◆ SOURCE DATA:
^^^^^^^^^^^^^^^^

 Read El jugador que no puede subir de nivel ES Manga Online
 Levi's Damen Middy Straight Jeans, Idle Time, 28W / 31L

^^^^^^^^^^^^^^^^

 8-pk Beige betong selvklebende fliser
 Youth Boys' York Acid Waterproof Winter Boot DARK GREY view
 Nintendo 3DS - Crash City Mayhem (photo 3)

^^^^^^^^^^^^^^^^

◆ YOUR ASSIGNMENT: Look above for the line with "Youth Boys' York" and the line with "Nintendo 3DS - Crash City Mayhem (photo 3)"; transcribe both and all lines in between, exactly, and nothing else.

◆ RESPONSE AREA:
 Youth Boys' York Acid Waterproof Winter Boot DARK GREY view
 Nintendo 3DS - Crash City Mayhem (photo 3)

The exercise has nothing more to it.